No texto de veto do Diário Oficial consta ainda outra justificativa: “na maior parte das vezes, a Delegacia de Polícia de base territorial estará mais próxima do sítio dos fatos ou da residência da vítima do que a Delegacia de Polícia de Defesa da Mulher, o que torna mais ágil a realização de atos de polícia judiciária (como, por exemplo, o comparecimento ao local para registro da ocorrência, colheita de provas, dentre outras)”.

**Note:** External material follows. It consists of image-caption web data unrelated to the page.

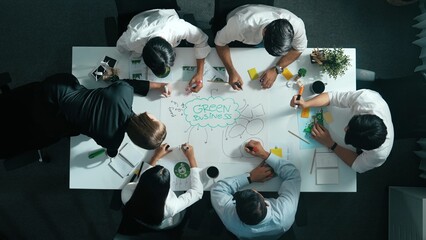 Top view of professional business team working together to brainstorm environmental idea by using mind map. Aerial view of smart manager talking and discussing about sustainable energy. Alimentation.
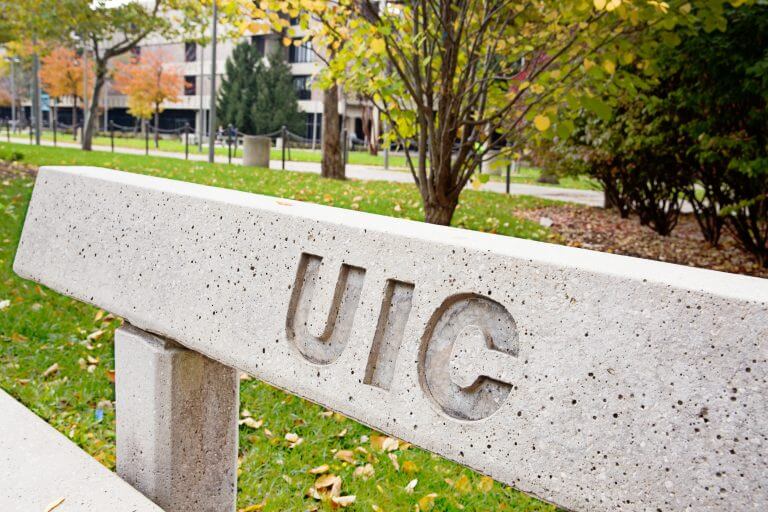 Cement park bench with UIC engraved, in front of grassy/tree area on campus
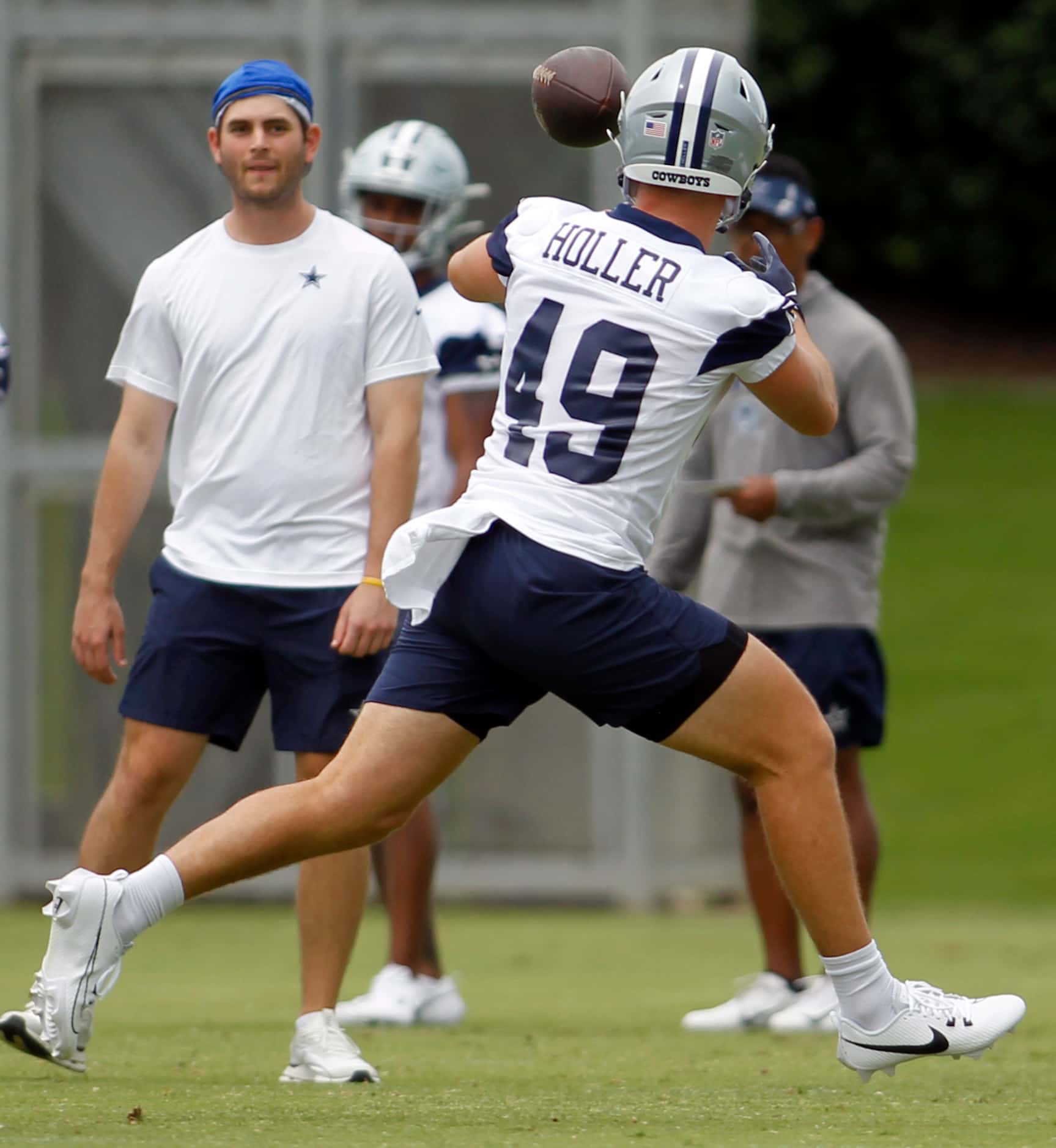 Dallas Cowboys tight end Alec Holler (49) pulls in a pass on a crossing route during a...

Para Sahão, entretanto, as delegacias comuns não são suficientes: “Esse tipo de crime não pode ser abordado apenas pela ótica policial. É preciso uma abordagem transversal, que reúna profissionais de várias áreas, até porque essa violência costuma ocasionar traumas profundos nas mulheres. Imagine, por exemplo, uma mulher que é vítima de estupro. Não é fácil para ela ir até um plantão policial comum e falar sobre isso para pessoas desconhecidas. A abordagem tem que ser diferenciada. Por essa razão, considero fundamental que, além de delegadas, investigadoras e escrivãs mulheres, as Delegacias Especializadas contem com psicólogas e assistentes sociais, que ajudariam a tornar esse atendimento mais efetivo”.
Segundo o gabinete da deputada, o mandato seguirá lutando para derrubar o veto de João Doria e implementar o atendimento 24h em todas as delegacias do estado.

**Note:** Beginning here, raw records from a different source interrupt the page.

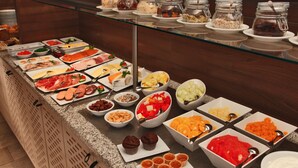 A buffet with various food items including meats, fruits, and pastries. - H+ Hotel Lübeck (Lübeck)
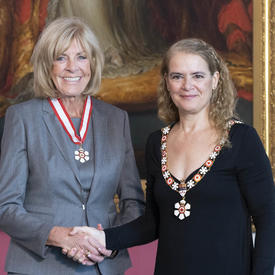 The Governor General shakes the hand of Sally Wishart Armstrong.  Both are wearing their Order of Canada insignia. 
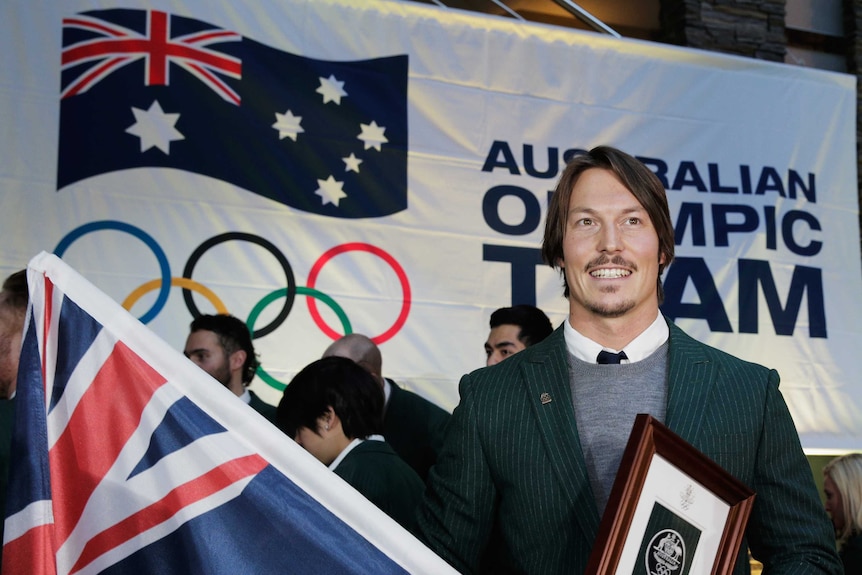A man holds an Australian flag in front of the Olympic rings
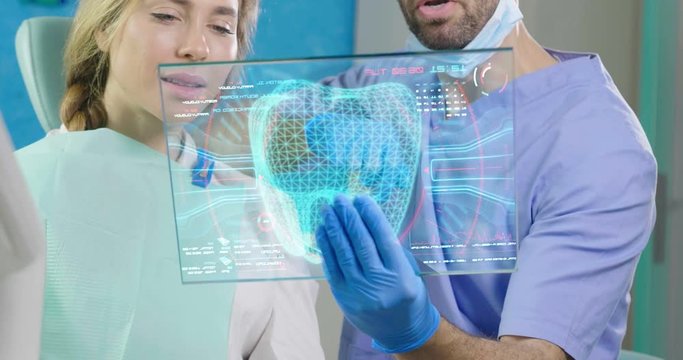 A futuristic dentist shows the futuristic holographic plate of the patient's dentition, and she smiles happily. Concept of: dentists, healthcare, medical examination, technology, future.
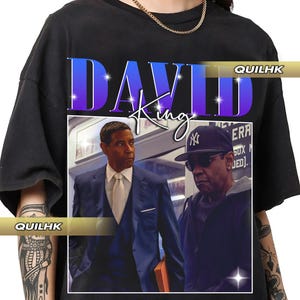 May include: Black t-shirt featuring a graphic of two men, one in a suit and the other in a cap and sunglasses. The shirt has the text "DAVID King" in a blue gradient font with a white outline. A gold chain is visible.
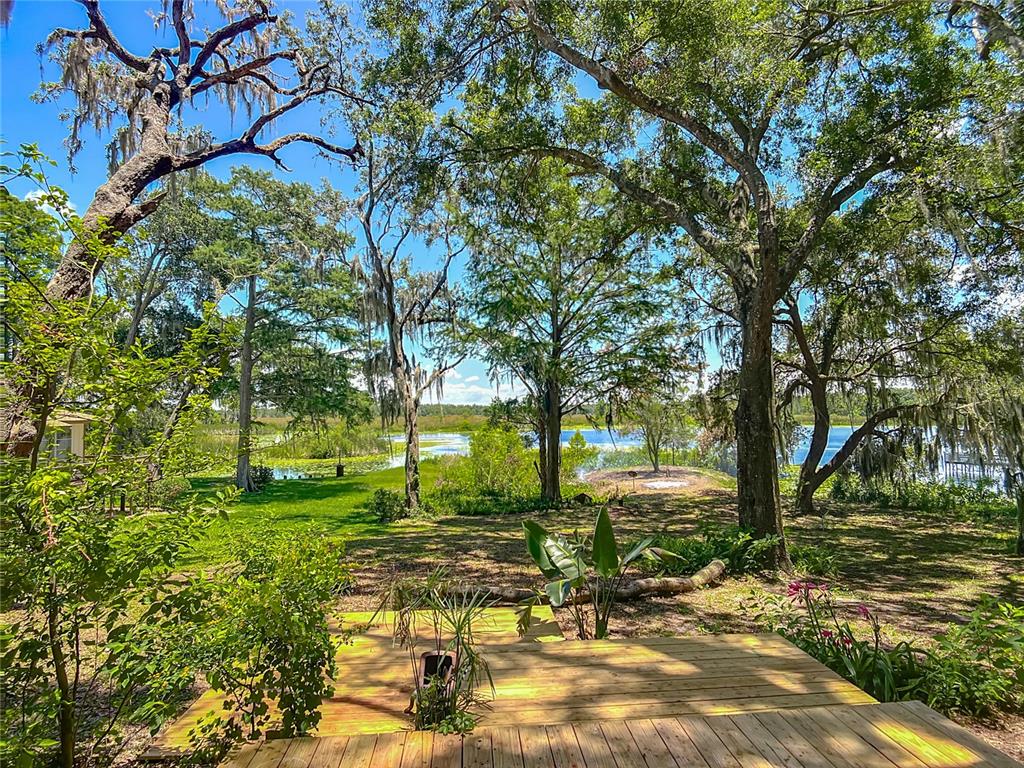 A wooden deck overlooks a grassy yard with mature trees leading to a lake — 8781 S LAKESHORE DRIVE, FLORAL CITY, FL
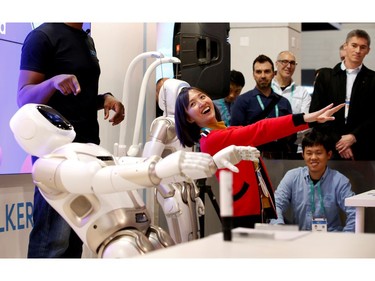 Tanli Yang, a journalist with China Global Television Network, performs yoga poses with Walker, an intelligent humanoid service robot, at the UB Tech booth during the 2020 CES in Las Vegas on Jan. 8, 2020.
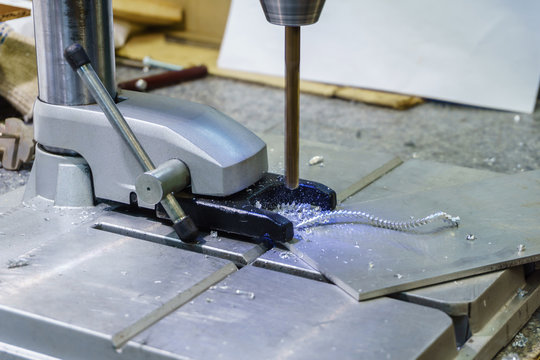 drilling process on small drill press close-up - Powered by Adobe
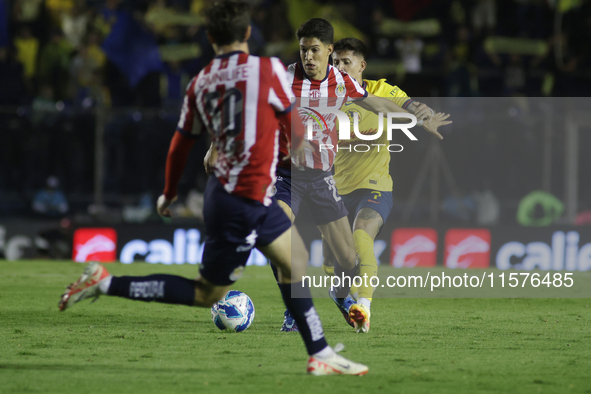 Jose Castillo Perez #21 of Chivas de Guadalajara drives the ball forward during the 17th round match of the Torneo de Apertura as part of th...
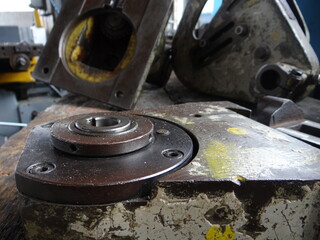 Close-up of worn industrial machinery parts with metal textures and aged paint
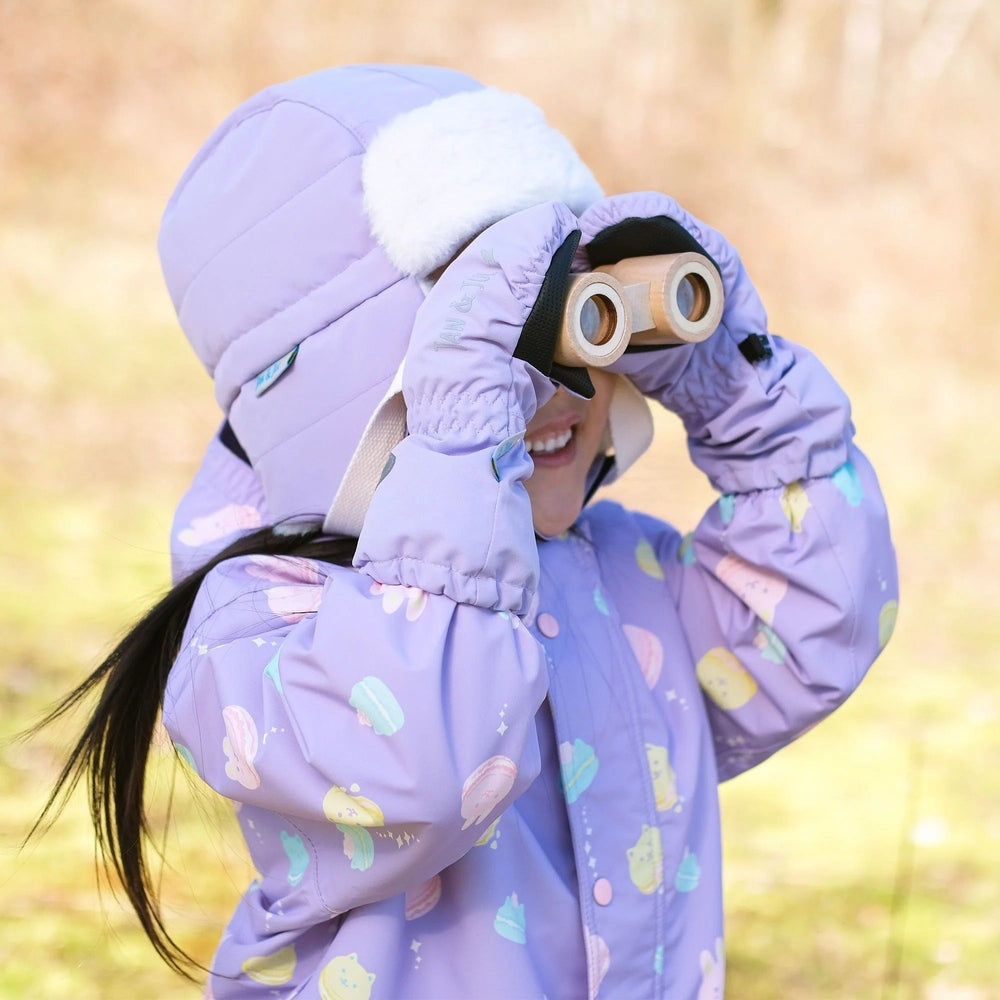 Jan & Jul Kids Rain Mittens Lavender on a child in lavender coat looking through binoculars, showing warm waterproof mittens.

Em 2015, o Brasil registrou um estupro a cada 11 minutos e 13 feminicídios (ou seja, assassinato em função da vítima ser mulher) por dia. Destas, 30% foram assassinadas por seus parceiros ou ex-parceiros. Atualmente, a cada 7,2 segundos uma mulher é vítima de violência física no país. Os dados foram compilados por Nana Soares, em matéria publicada no Estado de S. Paulo.